Sam Textvqa Save

Official code for paper "Spatially Aware Multimodal Transformers for TextVQA" published at ECCV, 2020.

Project README

Spatially Aware Multimodal Transformers for TextVQA

Yash Kant, Dhruv Batra, Peter Anderson, Alex Schwing, Devi Parikh, Jiasen Lu, Harsh Agrawal Published at ECCV, 2020

Paper: arxiv.org/abs/2007.12146

Project Page: yashkant.github.io/projects/sam-textvqa

We propose a novel spatially aware self-attention layer such that each visual entity only looks at neighboring entities defined by a spatial graph and use it to solve TextVQA.

Repository Setup

Create a fresh conda environment, and install all dependencies.

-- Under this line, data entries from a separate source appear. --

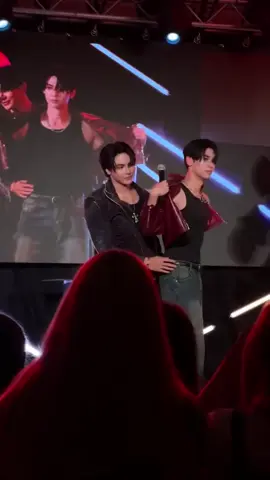 muscle 💪💪 (Credit x) #JD1stFMinRomeD1 #joongdunk #dunknatachai #JoongArchen #fyp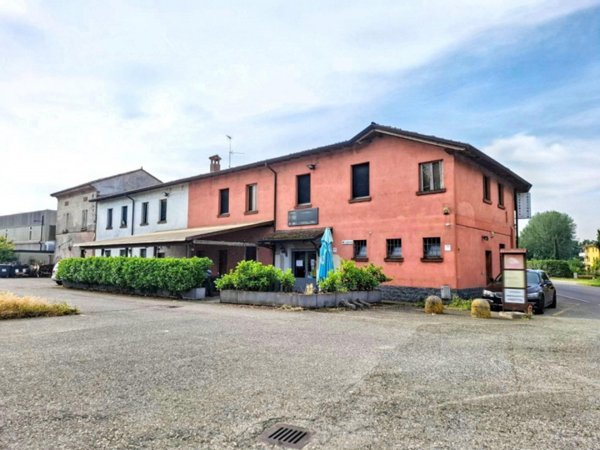 casale in vendita a Castelverde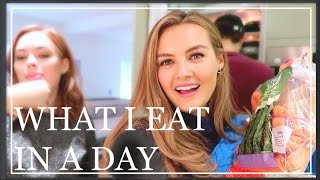 16 What I Eat In A Day With Friends  Niomi Smart [upl. by Seerdi]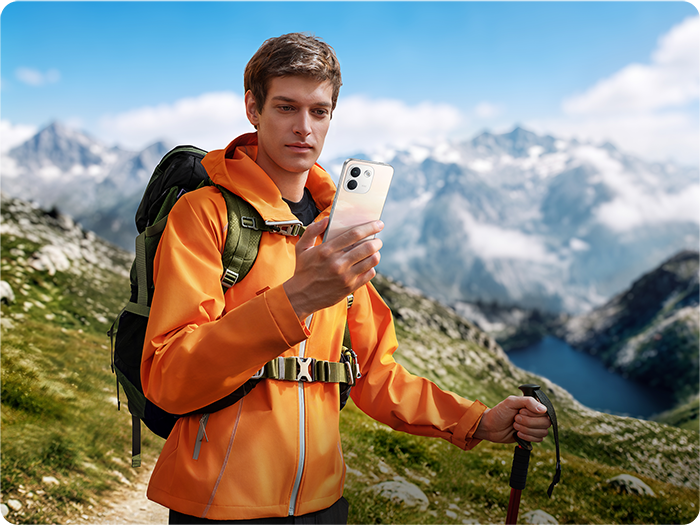 Turysta z Note 17 Pro Max 5G podczas górskiej wędrówki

conda create -n sam python=3.6
conda activate sam
cd sam-textvqa
pip install -r requirements.txt

Install pytorch

conda install pytorch torchvision cudatoolkit=10.0 -c pytorch

Finally, install apex from: https://github.com/NVIDIA/apex

Data Setup

Download files from the dropbox link and place it in the data/ folder. Ensure that data paths match the directory structure provided in data/README.md

Run Experiments

From the below table pick the suitable configuration file:

Method	context (c)	Train splits	Evaluation Splits	Config File
SA-M4C	3	TextVQA	TextVQA	train-tvqa-eval-tvqa-c3.yml
SA-M4C	3	TextVQA + STVQA	TextVQA	train-tvqa_stvqa-eval-tvqa-c3.yml
SA-M4C	3	STVQA	STVQA	train-stvqa-eval-stvqa-c3.yml
SA-M4C	5	TextVQA	TextVQA	train-tvqa-eval-tvqa-c5.yml

To run the experiments use:

python train.py \
--config config.yml \
--tag experiment-name

To evaluate the pretrained checkpoint provided use:

python train.py \
--config configs/train-tvqa_stvqa-eval-tvqa-c3.yml \
--pretrained_eval data/pretrained-models/best_model.tar

Note: The beam-search evaluation is undergoing changes and will be updated.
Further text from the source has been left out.